This short National Park Service video reveals the creek's attraction, and explains mysterious 'surge flow'! Length: 70 seconds 2017

Also available to watch on YouTube:

 
Medano Creek bed with no water, and snow-capped Mount Herard behind
The Medano Creek bed is dry at the main Dunes Parking Area.

NPS Photo

Current and Forecast Flow

Current Conditions

as of January 20, 2021

Refresh this page for the latest information.

The Medano Creek bed is dry this time of year at the Dunes Parking Area.The creek is frozen at Castle Creek Picnic Area on the eastern side of the dunefield along Medano Pass Primitive Road, accessible via high-clearance 4-wheel drive.

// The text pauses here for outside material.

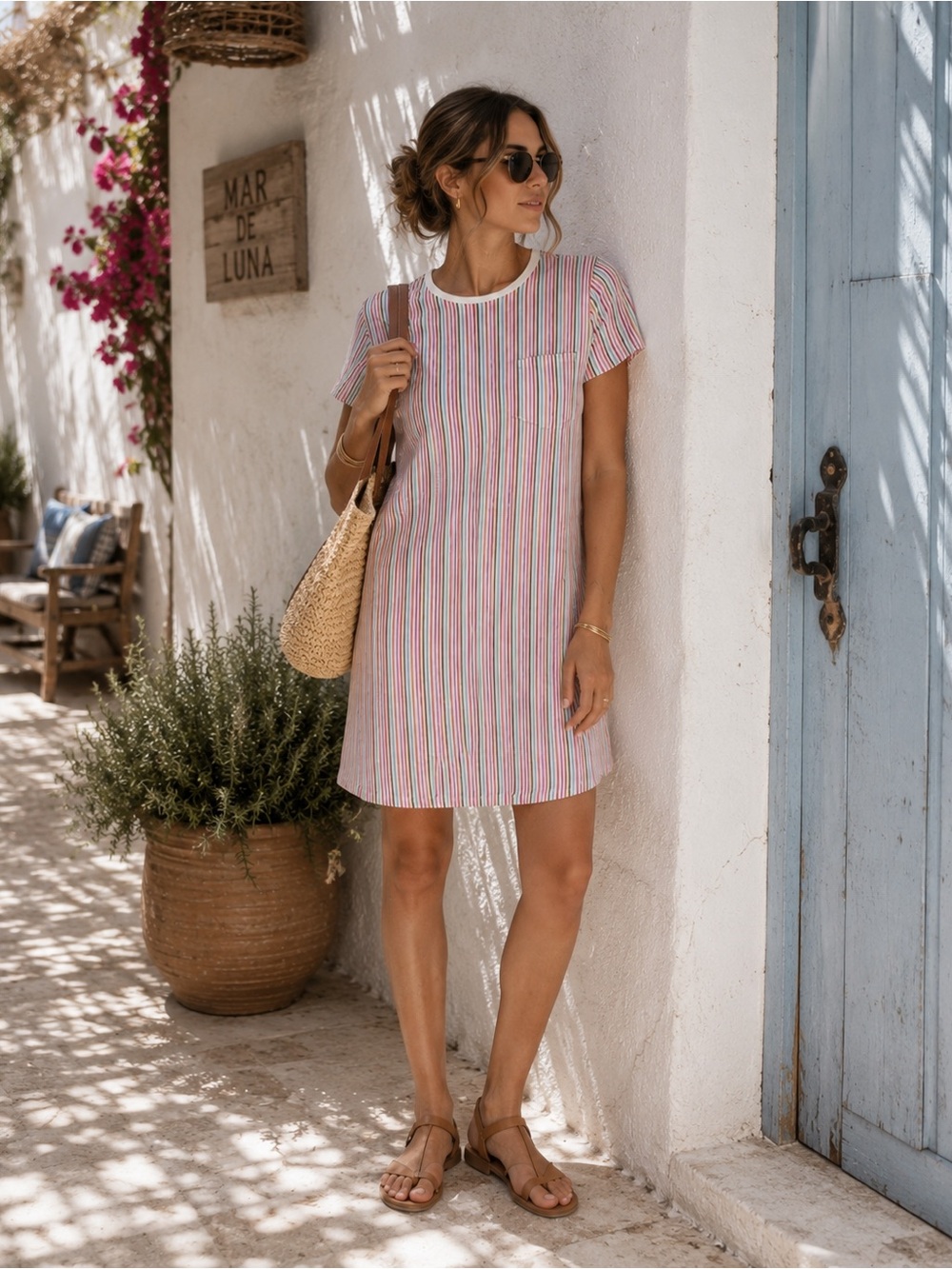 ROLLER RABBIT Dress SMALL T-Shirt 100% Pima Cotton PERU MADE Party Multi Striped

With a standard passenger vehicle, Castle Creek is a 1.5 mile (2.4 km) hike from Point of No Return, a trailhead located 1 mile (1.6 km) from the southern entrance of Medano Pass Primitive Road. Hike 0.8 mile (1.3 km) from Point of No Return on the trail to Sand Pit Picnic Area, then continue up the creekbed 0.7 mile (1.2 km) to Castle Creek Picnic Area.

2022 Season Forecast Flow

Medano Creek's seasonal flow around the dunes is dependent on snowpack in the mountains where it originates. As of January 20, snowpack in Medano Pass is only 52% of average for this date. The majority of snowfall typically occurs in March and April, so final snowpack totals and forecast flow won't be known until then. Continue to check this page during winter and spring for snowpack updates and forecast flow for the 2022 season. See below for what to expect each month of the season in an average year.

 
Chart showing Medano Creek's flow - click on the image for current flow.
Click on the chart image for up-to-the-minute flow in Medano Creek.

NRCS

Check Up-To-The-Minute Flow

See the current flow and trend of Medano Creek as a graph.
(Available spring through fall). The creek's flow on this graph is measured where it emerges from the forest and first enters the dunefield, not where it spreads out across the sand 5 miles downstream. This measurement gives an indication of the current flow relative to average peak flow. Peak flow in an average year is 40 cubic feet per second (cfs), typically occurring in late May or early June.

 
Medano Creek Waves and Family, 2015
Family Splashing in Waves

NPS/Patrick Myers

Weather and Conditions to Expect

Weather forecasts and information for Great Sand Dunes are available on the park's weather page. Also learn what Conditions to Expect Each Month at the park.

 

Medano Creek Month-by-Month in an Average Year


Below are typical creek conditions for each month of an average season. Less or more snowpack will affect the depth and duration of the creek. See also overall conditions to expect at Great Sand Dunes each month of the year.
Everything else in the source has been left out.